Graham details the “great hair debate” that emerged in the hirsute wake of the Beatles, who introduced the “mop top” hairstyle. The “social significance of hair,” however, has been an issue for many years. Graham points to such social/political hair to-dos as bobbed hair for girls and women in the 1920s; the perennial “good,” “bad,” and “natural” hair debates in the African American community; the mandatory haircuts in nineteenth-century missionary schools for Native American children; and, going back further, the Puritan magistrates who condemned whites with long hair “after the manner of savages.”

Most of the arguments for long hair heard in 1960s courtrooms were basically arguments for freedom. The arguments against long-haired boys in high school had to do with tradition and the authority of the adults running schools. But there was also a strong strain of sex panic in the opponent side that sounds much like our contemporary debate over transgender bathroom access: long hair meant you couldn’t tell the boys from the girls; long-haired boys would sneak into the girls’ room; and, ultimately, chaos would result from the blurred gender lines.

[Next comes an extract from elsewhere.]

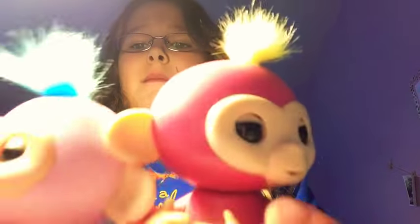Hey guys, what's up, it's girl Amelia back at it again with another video, and today I'm going to be reviewing the tiny little monkeys — they are called fingerlings. So let's just get straight on into the video.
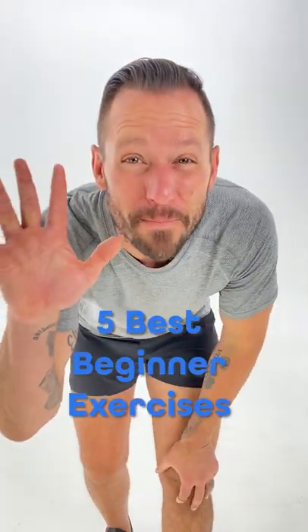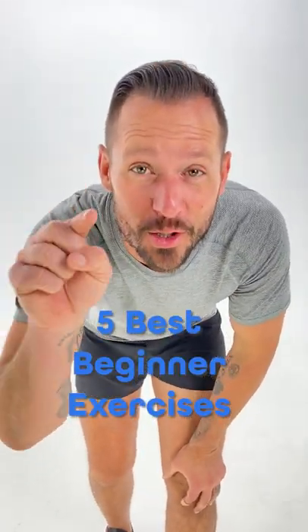No fluff at all. Here are the five best beginner exercises for you to do right now.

The landmark 1969 Tinker decision by the Supreme Court affirmed that high school students were citizens with free speech rights. The case concerned a trio of Iowa high school/junior high students who protested the Vietnam War by wearing black arm-bands. But the Court’s decision was ambiguous: the Court specifically said the decision didn’t apply to regulating clothing, the length of skirts, hair styles, or deportment. So lower courts continued to issue widely different decisions in hair cases.

One of these hair cases went all the way to the Supreme Court, sort of. Three high school members of a Texas band were suspended because of their Beatles-like hair. The boys lost at the appeals level and took the case to the Supreme Court, which refused to hear it, meaning the earlier decision stood.

The issue was never definitely settled by the Supreme Court. And it still occasionally erupts. In 1997, a Texas school ordered a third grader to cut off his 5″ ponytail. When he refused he was forced to study in a windowless room separated from other students until his parents took him out of the school system entirely. The Texas Supreme Court ruled the school had not discriminated against him. In 2009, another school in the same state had to be compelled by a federal judge, citing religious reasons, to let a young Native American wear his hair to his collar.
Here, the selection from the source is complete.